* [What you have to do]: The pictures are to be dropped, and the records below are to be restated word for word.

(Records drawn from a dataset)
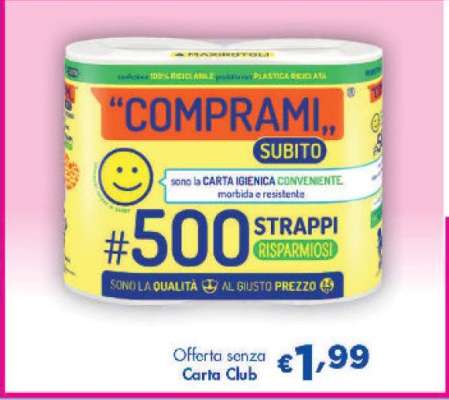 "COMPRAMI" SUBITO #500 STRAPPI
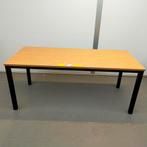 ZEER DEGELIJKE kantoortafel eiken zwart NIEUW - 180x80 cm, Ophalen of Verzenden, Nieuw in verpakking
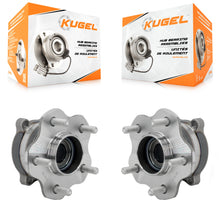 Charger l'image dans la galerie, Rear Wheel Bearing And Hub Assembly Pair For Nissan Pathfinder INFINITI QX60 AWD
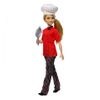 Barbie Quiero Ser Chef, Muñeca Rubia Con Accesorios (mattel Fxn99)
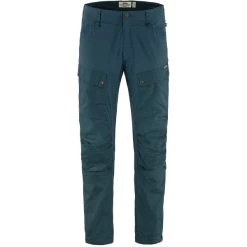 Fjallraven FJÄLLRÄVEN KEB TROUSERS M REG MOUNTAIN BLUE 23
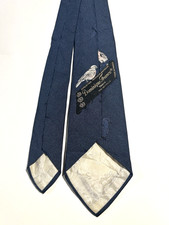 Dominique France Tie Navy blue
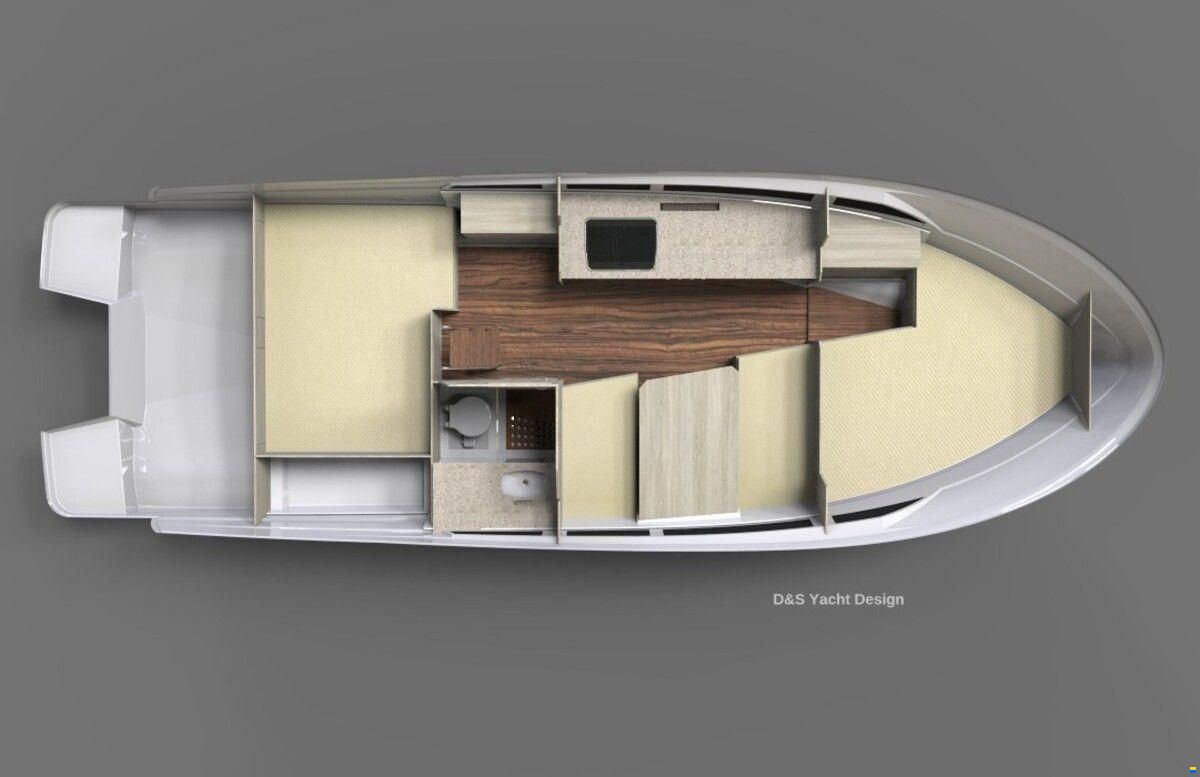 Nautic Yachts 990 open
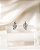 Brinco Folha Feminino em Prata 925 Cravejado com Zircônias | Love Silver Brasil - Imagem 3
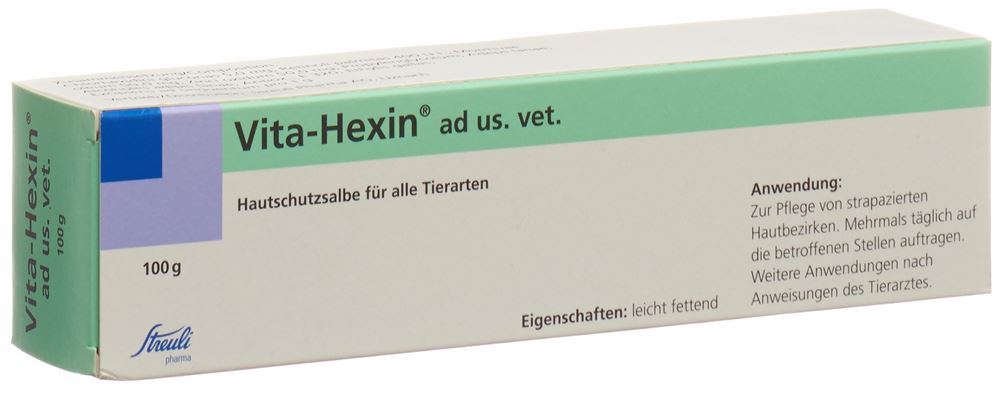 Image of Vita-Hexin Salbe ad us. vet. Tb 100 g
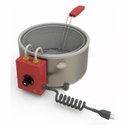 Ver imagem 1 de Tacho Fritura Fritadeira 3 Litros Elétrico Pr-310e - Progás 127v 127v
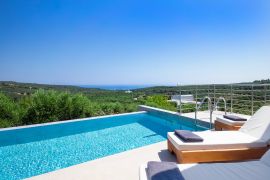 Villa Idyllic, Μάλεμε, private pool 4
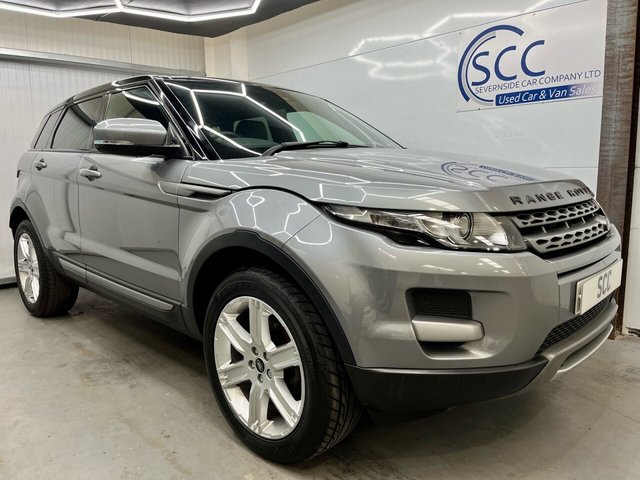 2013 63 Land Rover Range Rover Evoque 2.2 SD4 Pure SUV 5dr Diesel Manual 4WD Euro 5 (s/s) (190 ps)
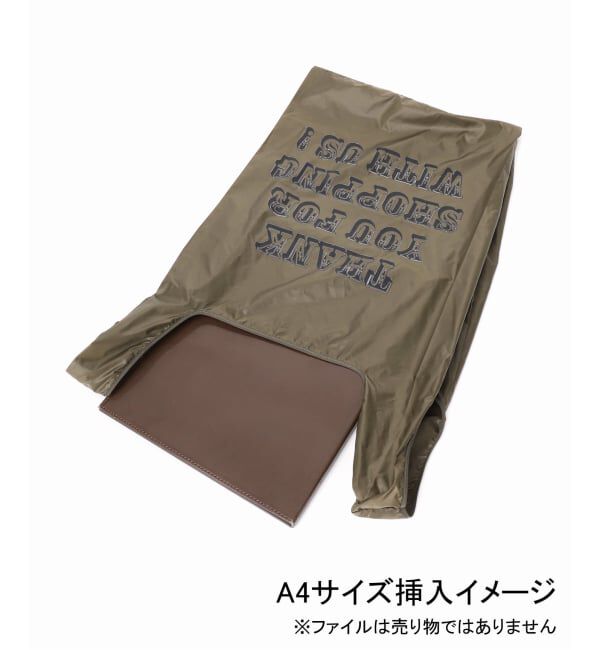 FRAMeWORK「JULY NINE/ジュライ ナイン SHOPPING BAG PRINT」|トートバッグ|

* [Output below]:
 "COMPRAMI" SUBITO #500 STRAPPI
 ZEER DEGELIJKE kantoortafel eiken zwart NIEUW - 180x80 cm, Ophalen of Verzenden, Nieuw in verpakking
 Charger l'image dans la galerie, Rear Wheel Bearing And Hub Assembly Pair For Nissan Pathfinder INFINITI QX60 AWD
 Barbie Quiero Ser Chef, Muñeca Rubia Con Accesorios (mattel Fxn99)
 Fjallraven FJÄLLRÄVEN KEB TROUSERS M REG MOUNTAIN BLUE 23
 Dominique France Tie Navy blue
 Nautic Yachts 990 open
 Brinco Folha Feminino em Prata 925 Cravejado com Zircônias | Love Silver Brasil - Imagem 3
 Image of Vita-Hexin Salbe ad us. vet. Tb 100 g
 Ver imagem 1 de Tacho Fritura Fritadeira 3 Litros Elétrico Pr-310e - Progás 127v 127v
 Villa Idyllic, Μάλεμε, private pool 4
 2013 63 Land Rover Range Rover Evoque 2.2 SD4 Pure SUV 5dr Diesel Manual 4WD Euro 5 (s/s) (190 ps)
 FRAMeWORK「JULY NINE/ジュライ ナイン SHOPPING BAG PRINT」|トートバッグ|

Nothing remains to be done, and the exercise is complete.